Fin des 3 minutes. Vous n’êtes pas obligé de lire la suite 😉

Mon avis perso ?

Si vous cherchez des gens parfaits dans ce monde, au prochain karma, changez d’espèce animale…

L’affaire Pierre Rabhi expliquée en 3 minutes

Jean-Baptiste Malet a fait un bon boulot dans ses précédentes enquêtes. Dans celle-ci, il y a du factuel et un travail salutaire (quoique pas vraiment nouveau). Son interview est toute en nuances mais il ressort que de là où il parle (athée, rationaliste, progressiste), il est impossible pour lui de ne pas s’étouffer avec certains messages de Pierre Rabhi. Et quoiqu’il en dise, son parti pris transpire dans de nombreux sous-entendus (Pierre Rabhi aime le pouvoir, l’argent, a des idées pétainistes…).
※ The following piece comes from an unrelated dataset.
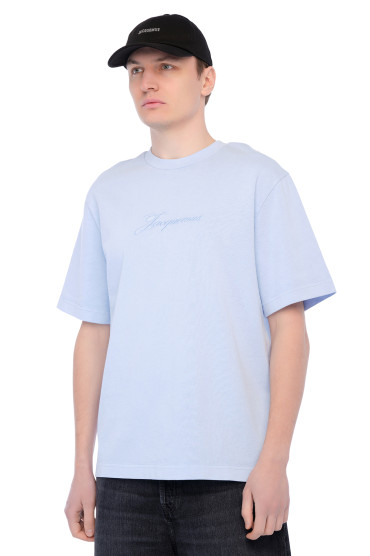 Футболка JACQUEMUS JACm16002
Et ces sous-entendus sont grotesques. Il lui reproche un moment de ne pas avoir de publication scientifiques à son actif pour les questions d’agriculture. C’est hors-sujet.

Pierre Rabhi est un vieux monsieur admirable. Un demi-siècle les séparent. C’est beaucoup. Et pourtant Rabhi est un visionnaire. Et pourtant Rabhi a des côtés réacs.
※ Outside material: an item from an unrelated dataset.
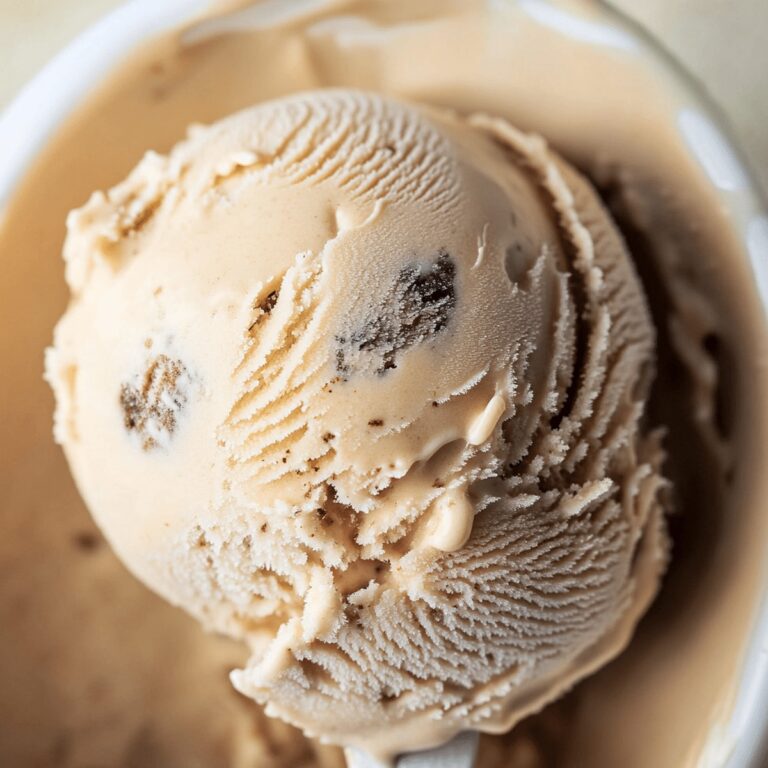 Frozen Delight Dog Ice Cream Recipe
Moi aussi je pense que Rabhi gagnerait à être plus offensif. Et alors …?

Je me considère parfois comme un archéologue amateur de la pensée écologique.

Toute cette polémique, vous vous en doutez, m’a agacé non pas parce que je suis partisan de Rabhi (il n’incarne pas ma pensée, j’ai toujours trouvé la fable du colibri amphigourique… mais je me sens franchement ridicule par rapport à l’oeuvre de ce monsieur). Non cette polémique m’agace parce que « sous le soleil rien de nouveau ». Oui l’écologie n’est pas née d’une lecture de lutte des classes. Des passerelles existent mais au fond selon moi, les enjeux du Vivant dépassent de loin les enjeux de l’Histoire. Dit autrement : la matérialisme historique est un modèle plutôt efficace… mais on peut aussi changer de modèle…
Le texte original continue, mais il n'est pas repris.